*** Opening SUPPLIED RECORDS ***

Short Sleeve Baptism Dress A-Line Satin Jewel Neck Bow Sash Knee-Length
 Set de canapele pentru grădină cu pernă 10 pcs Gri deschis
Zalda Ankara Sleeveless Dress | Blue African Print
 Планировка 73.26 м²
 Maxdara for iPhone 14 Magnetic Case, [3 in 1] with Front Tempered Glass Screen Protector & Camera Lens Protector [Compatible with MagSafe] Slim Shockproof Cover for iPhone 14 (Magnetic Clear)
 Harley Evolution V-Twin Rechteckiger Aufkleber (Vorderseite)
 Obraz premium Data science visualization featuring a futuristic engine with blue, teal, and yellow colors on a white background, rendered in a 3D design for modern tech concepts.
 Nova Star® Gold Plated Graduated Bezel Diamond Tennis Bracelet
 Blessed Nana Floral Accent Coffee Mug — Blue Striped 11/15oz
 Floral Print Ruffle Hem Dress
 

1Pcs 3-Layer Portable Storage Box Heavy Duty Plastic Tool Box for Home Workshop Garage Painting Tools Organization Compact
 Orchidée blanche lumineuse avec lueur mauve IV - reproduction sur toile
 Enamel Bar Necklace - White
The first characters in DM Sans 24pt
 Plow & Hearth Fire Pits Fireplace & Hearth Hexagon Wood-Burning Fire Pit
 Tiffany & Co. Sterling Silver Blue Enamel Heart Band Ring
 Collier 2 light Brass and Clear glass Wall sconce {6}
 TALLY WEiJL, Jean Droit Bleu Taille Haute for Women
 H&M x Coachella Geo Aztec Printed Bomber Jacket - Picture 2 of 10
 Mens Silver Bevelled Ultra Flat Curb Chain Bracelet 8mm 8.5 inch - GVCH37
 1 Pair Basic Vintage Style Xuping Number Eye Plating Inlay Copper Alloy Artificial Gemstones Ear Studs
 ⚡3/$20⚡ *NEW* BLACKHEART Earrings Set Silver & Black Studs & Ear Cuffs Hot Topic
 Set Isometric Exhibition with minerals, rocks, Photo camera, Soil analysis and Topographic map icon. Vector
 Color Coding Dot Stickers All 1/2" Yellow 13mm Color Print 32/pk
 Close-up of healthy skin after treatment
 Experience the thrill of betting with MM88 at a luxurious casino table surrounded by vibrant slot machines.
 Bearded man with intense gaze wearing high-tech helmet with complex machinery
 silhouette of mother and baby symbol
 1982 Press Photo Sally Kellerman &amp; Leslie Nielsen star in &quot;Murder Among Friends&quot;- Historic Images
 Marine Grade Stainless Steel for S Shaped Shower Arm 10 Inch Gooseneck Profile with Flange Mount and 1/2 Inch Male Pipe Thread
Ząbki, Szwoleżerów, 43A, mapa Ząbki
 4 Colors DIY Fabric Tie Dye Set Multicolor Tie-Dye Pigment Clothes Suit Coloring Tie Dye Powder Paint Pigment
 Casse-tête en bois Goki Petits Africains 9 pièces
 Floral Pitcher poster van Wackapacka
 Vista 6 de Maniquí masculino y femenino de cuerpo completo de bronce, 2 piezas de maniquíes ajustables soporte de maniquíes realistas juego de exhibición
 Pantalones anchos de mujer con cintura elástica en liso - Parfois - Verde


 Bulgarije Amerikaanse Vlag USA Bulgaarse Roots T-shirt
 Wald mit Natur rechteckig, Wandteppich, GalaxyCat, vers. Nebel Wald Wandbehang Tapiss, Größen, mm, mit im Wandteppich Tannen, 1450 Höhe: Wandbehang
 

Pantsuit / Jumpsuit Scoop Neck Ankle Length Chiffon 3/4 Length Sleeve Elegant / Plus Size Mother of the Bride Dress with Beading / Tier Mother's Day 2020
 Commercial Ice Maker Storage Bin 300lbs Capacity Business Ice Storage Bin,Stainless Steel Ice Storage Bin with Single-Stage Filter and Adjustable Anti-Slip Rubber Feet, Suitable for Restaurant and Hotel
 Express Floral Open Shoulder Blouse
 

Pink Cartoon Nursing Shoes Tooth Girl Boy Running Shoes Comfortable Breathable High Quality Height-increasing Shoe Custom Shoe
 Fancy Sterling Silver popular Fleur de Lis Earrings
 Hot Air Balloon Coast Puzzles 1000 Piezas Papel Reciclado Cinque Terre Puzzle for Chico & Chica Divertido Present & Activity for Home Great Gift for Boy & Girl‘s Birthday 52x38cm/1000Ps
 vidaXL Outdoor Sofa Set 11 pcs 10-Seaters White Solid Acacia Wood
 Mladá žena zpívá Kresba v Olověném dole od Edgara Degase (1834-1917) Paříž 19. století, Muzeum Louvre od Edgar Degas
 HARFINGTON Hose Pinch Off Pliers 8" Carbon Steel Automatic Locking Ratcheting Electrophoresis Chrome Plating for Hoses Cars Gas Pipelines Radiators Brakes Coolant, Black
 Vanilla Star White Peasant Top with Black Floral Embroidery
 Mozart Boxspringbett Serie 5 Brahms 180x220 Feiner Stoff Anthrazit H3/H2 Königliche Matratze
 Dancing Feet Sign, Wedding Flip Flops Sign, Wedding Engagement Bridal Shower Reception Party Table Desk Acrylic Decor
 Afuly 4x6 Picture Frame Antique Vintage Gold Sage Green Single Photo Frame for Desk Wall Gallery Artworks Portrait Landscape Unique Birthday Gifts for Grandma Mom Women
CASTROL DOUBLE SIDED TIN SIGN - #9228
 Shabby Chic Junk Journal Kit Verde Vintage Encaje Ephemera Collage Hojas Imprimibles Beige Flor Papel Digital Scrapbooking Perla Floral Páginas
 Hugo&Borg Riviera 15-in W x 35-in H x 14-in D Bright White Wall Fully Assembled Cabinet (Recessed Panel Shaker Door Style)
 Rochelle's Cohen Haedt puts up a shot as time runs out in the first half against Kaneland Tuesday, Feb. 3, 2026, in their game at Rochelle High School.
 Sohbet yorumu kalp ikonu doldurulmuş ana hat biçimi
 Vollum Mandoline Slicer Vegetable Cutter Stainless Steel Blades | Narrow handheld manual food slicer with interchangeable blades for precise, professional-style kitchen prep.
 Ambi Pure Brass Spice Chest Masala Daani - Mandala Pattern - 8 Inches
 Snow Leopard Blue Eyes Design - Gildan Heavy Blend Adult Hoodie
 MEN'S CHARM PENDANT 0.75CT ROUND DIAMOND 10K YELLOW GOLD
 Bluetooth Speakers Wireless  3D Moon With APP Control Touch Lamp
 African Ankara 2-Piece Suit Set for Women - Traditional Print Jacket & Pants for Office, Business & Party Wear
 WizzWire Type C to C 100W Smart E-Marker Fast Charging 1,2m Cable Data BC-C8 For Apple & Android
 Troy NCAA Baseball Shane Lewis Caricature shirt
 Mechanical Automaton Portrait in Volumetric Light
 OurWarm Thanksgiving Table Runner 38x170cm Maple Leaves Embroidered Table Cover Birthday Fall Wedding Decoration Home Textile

*** Closing SUPPLIED RECORDS ***

• **ACTIVITY**:
An exact copy of every record above is what's needed here.

• **OUTPUT FOR THIS EXERCISE**:
Short Sleeve Baptism Dress A-Line Satin Jewel Neck Bow Sash Knee-Length
 Set de canapele pentru grădină cu pernă 10 pcs Gri deschis
Zalda Ankara Sleeveless Dress | Blue African Print
 Планировка 73.26 м²
 Maxdara for iPhone 14 Magnetic Case, [3 in 1] with Front Tempered Glass Screen Protector & Camera Lens Protector [Compatible with MagSafe] Slim Shockproof Cover for iPhone 14 (Magnetic Clear)
 Harley Evolution V-Twin Rechteckiger Aufkleber (Vorderseite)
 Obraz premium Data science visualization featuring a futuristic engine with blue, teal, and yellow colors on a white background, rendered in a 3D design for modern tech concepts.
 Nova Star® Gold Plated Graduated Bezel Diamond Tennis Bracelet
 Blessed Nana Floral Accent Coffee Mug — Blue Striped 11/15oz
 Floral Print Ruffle Hem Dress
 

1Pcs 3-Layer Portable Storage Box Heavy Duty Plastic Tool Box for Home Workshop Garage Painting Tools Organization Compact
 Orchidée blanche lumineuse avec lueur mauve IV - reproduction sur toile
 Enamel Bar Necklace - White
The first characters in DM Sans 24pt
 Plow & Hearth Fire Pits Fireplace & Hearth Hexagon Wood-Burning Fire Pit
 Tiffany & Co. Sterling Silver Blue Enamel Heart Band Ring
 Collier 2 light Brass and Clear glass Wall sconce {6}
 TALLY WEiJL, Jean Droit Bleu Taille Haute for Women
 H&M x Coachella Geo Aztec Printed Bomber Jacket - Picture 2 of 10
 Mens Silver Bevelled Ultra Flat Curb Chain Bracelet 8mm 8.5 inch - GVCH37
 1 Pair Basic Vintage Style Xuping Number Eye Plating Inlay Copper Alloy Artificial Gemstones Ear Studs
 ⚡3/$20⚡ *NEW* BLACKHEART Earrings Set Silver & Black Studs & Ear Cuffs Hot Topic
 Set Isometric Exhibition with minerals, rocks, Photo camera, Soil analysis and Topographic map icon. Vector
 Color Coding Dot Stickers All 1/2" Yellow 13mm Color Print 32/pk
 Close-up of healthy skin after treatment
 Experience the thrill of betting with MM88 at a luxurious casino table surrounded by vibrant slot machines.
 Bearded man with intense gaze wearing high-tech helmet with complex machinery
 silhouette of mother and baby symbol
 1982 Press Photo Sally Kellerman &amp; Leslie Nielsen star in &quot;Murder Among Friends&quot;- Historic Images
 Marine Grade Stainless Steel for S Shaped Shower Arm 10 Inch Gooseneck Profile with Flange Mount and 1/2 Inch Male Pipe Thread
Ząbki, Szwoleżerów, 43A, mapa Ząbki
 4 Colors DIY Fabric Tie Dye Set Multicolor Tie-Dye Pigment Clothes Suit Coloring Tie Dye Powder Paint Pigment
 Casse-tête en bois Goki Petits Africains 9 pièces
 Floral Pitcher poster van Wackapacka
 Vista 6 de Maniquí masculino y femenino de cuerpo completo de bronce, 2 piezas de maniquíes ajustables soporte de maniquíes realistas juego de exhibición
 Pantalones anchos de mujer con cintura elástica en liso - Parfois - Verde


 Bulgarije Amerikaanse Vlag USA Bulgaarse Roots T-shirt
 Wald mit Natur rechteckig, Wandteppich, GalaxyCat, vers. Nebel Wald Wandbehang Tapiss, Größen, mm, mit im Wandteppich Tannen, 1450 Höhe: Wandbehang
 

Pantsuit / Jumpsuit Scoop Neck Ankle Length Chiffon 3/4 Length Sleeve Elegant / Plus Size Mother of the Bride Dress with Beading / Tier Mother's Day 2020
 Commercial Ice Maker Storage Bin 300lbs Capacity Business Ice Storage Bin,Stainless Steel Ice Storage Bin with Single-Stage Filter and Adjustable Anti-Slip Rubber Feet, Suitable for Restaurant and Hotel
 Express Floral Open Shoulder Blouse
 

Pink Cartoon Nursing Shoes Tooth Girl Boy Running Shoes Comfortable Breathable High Quality Height-increasing Shoe Custom Shoe
 Fancy Sterling Silver popular Fleur de Lis Earrings
 Hot Air Balloon Coast Puzzles 1000 Piezas Papel Reciclado Cinque Terre Puzzle for Chico & Chica Divertido Present & Activity for Home Great Gift for Boy & Girl‘s Birthday 52x38cm/1000Ps
 vidaXL Outdoor Sofa Set 11 pcs 10-Seaters White Solid Acacia Wood
 Mladá žena zpívá Kresba v Olověném dole od Edgara Degase (1834-1917) Paříž 19. století, Muzeum Louvre od Edgar Degas
 HARFINGTON Hose Pinch Off Pliers 8" Carbon Steel Automatic Locking Ratcheting Electrophoresis Chrome Plating for Hoses Cars Gas Pipelines Radiators Brakes Coolant, Black
 Vanilla Star White Peasant Top with Black Floral Embroidery
 Mozart Boxspringbett Serie 5 Brahms 180x220 Feiner Stoff Anthrazit H3/H2 Königliche Matratze
 Dancing Feet Sign, Wedding Flip Flops Sign, Wedding Engagement Bridal Shower Reception Party Table Desk Acrylic Decor
 Afuly 4x6 Picture Frame Antique Vintage Gold Sage Green Single Photo Frame for Desk Wall Gallery Artworks Portrait Landscape Unique Birthday Gifts for Grandma Mom Women
CASTROL DOUBLE SIDED TIN SIGN - #9228
 Shabby Chic Junk Journal Kit Verde Vintage Encaje Ephemera Collage Hojas Imprimibles Beige Flor Papel Digital Scrapbooking Perla Floral Páginas
 Hugo&Borg Riviera 15-in W x 35-in H x 14-in D Bright White Wall Fully Assembled Cabinet (Recessed Panel Shaker Door Style)
 Rochelle's Cohen Haedt puts up a shot as time runs out in the first half against Kaneland Tuesday, Feb. 3, 2026, in their game at Rochelle High School.
 Sohbet yorumu kalp ikonu doldurulmuş ana hat biçimi
 Vollum Mandoline Slicer Vegetable Cutter Stainless Steel Blades | Narrow handheld manual food slicer with interchangeable blades for precise, professional-style kitchen prep.
 Ambi Pure Brass Spice Chest Masala Daani - Mandala Pattern - 8 Inches
 Snow Leopard Blue Eyes Design - Gildan Heavy Blend Adult Hoodie
 MEN'S CHARM PENDANT 0.75CT ROUND DIAMOND 10K YELLOW GOLD
 Bluetooth Speakers Wireless  3D Moon With APP Control Touch Lamp
 African Ankara 2-Piece Suit Set for Women - Traditional Print Jacket & Pants for Office, Business & Party Wear
 WizzWire Type C to C 100W Smart E-Marker Fast Charging 1,2m Cable Data BC-C8 For Apple & Android
 Troy NCAA Baseball Shane Lewis Caricature shirt
 Mechanical Automaton Portrait in Volumetric Light
 OurWarm Thanksgiving Table Runner 38x170cm Maple Leaves Embroidered Table Cover Birthday Fall Wedding Decoration Home Textile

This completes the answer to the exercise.